> **Assignment**: The records below are to be duplicated exactly as they appear.

> **Extracted information**:
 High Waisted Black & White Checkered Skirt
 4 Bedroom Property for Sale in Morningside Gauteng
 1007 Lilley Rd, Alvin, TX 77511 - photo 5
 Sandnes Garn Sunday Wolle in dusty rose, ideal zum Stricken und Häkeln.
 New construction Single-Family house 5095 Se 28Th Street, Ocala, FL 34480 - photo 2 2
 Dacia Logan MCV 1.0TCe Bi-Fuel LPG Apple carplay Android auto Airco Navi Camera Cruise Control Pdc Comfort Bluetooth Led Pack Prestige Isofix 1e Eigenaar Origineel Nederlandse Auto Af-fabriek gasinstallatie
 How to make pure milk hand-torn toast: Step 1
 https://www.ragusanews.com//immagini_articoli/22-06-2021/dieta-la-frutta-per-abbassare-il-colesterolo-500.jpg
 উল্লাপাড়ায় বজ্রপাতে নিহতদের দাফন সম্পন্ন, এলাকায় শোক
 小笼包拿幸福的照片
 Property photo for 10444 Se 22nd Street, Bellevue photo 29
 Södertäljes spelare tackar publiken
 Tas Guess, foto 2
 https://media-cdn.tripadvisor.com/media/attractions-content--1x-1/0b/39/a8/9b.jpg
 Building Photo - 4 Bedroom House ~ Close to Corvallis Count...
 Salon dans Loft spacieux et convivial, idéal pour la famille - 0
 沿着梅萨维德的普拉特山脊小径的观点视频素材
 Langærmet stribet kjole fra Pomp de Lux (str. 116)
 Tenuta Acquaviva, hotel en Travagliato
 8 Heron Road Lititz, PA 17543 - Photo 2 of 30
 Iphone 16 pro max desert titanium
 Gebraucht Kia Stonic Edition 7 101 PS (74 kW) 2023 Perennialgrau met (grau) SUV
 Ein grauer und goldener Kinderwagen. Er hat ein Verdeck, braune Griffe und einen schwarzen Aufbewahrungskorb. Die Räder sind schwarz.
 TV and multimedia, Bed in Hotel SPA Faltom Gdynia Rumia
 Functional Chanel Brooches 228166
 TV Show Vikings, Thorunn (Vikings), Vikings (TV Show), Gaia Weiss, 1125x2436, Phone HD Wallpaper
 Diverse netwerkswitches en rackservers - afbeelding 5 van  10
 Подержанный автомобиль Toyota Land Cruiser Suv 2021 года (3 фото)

> **Reply**:
 High Waisted Black & White Checkered Skirt
 4 Bedroom Property for Sale in Morningside Gauteng
 1007 Lilley Rd, Alvin, TX 77511 - photo 5
 Sandnes Garn Sunday Wolle in dusty rose, ideal zum Stricken und Häkeln.
 New construction Single-Family house 5095 Se 28Th Street, Ocala, FL 34480 - photo 2 2
 Dacia Logan MCV 1.0TCe Bi-Fuel LPG Apple carplay Android auto Airco Navi Camera Cruise Control Pdc Comfort Bluetooth Led Pack Prestige Isofix 1e Eigenaar Origineel Nederlandse Auto Af-fabriek gasinstallatie
 How to make pure milk hand-torn toast: Step 1
 https://www.ragusanews.com//immagini_articoli/22-06-2021/dieta-la-frutta-per-abbassare-il-colesterolo-500.jpg
 উল্লাপাড়ায় বজ্রপাতে নিহতদের দাফন সম্পন্ন, এলাকায় শোক
 小笼包拿幸福的照片
 Property photo for 10444 Se 22nd Street, Bellevue photo 29
 Södertäljes spelare tackar publiken
 Tas Guess, foto 2
 https://media-cdn.tripadvisor.com/media/attractions-content--1x-1/0b/39/a8/9b.jpg
 Building Photo - 4 Bedroom House ~ Close to Corvallis Count...
 Salon dans Loft spacieux et convivial, idéal pour la famille - 0
 沿着梅萨维德的普拉特山脊小径的观点视频素材
 Langærmet stribet kjole fra Pomp de Lux (str. 116)
 Tenuta Acquaviva, hotel en Travagliato
 8 Heron Road Lititz, PA 17543 - Photo 2 of 30
 Iphone 16 pro max desert titanium
 Gebraucht Kia Stonic Edition 7 101 PS (74 kW) 2023 Perennialgrau met (grau) SUV
 Ein grauer und goldener Kinderwagen. Er hat ein Verdeck, braune Griffe und einen schwarzen Aufbewahrungskorb. Die Räder sind schwarz.
 TV and multimedia, Bed in Hotel SPA Faltom Gdynia Rumia
 Functional Chanel Brooches 228166
 TV Show Vikings, Thorunn (Vikings), Vikings (TV Show), Gaia Weiss, 1125x2436, Phone HD Wallpaper
 Diverse netwerkswitches en rackservers - afbeelding 5 van  10
 Подержанный автомобиль Toyota Land Cruiser Suv 2021 года (3 фото)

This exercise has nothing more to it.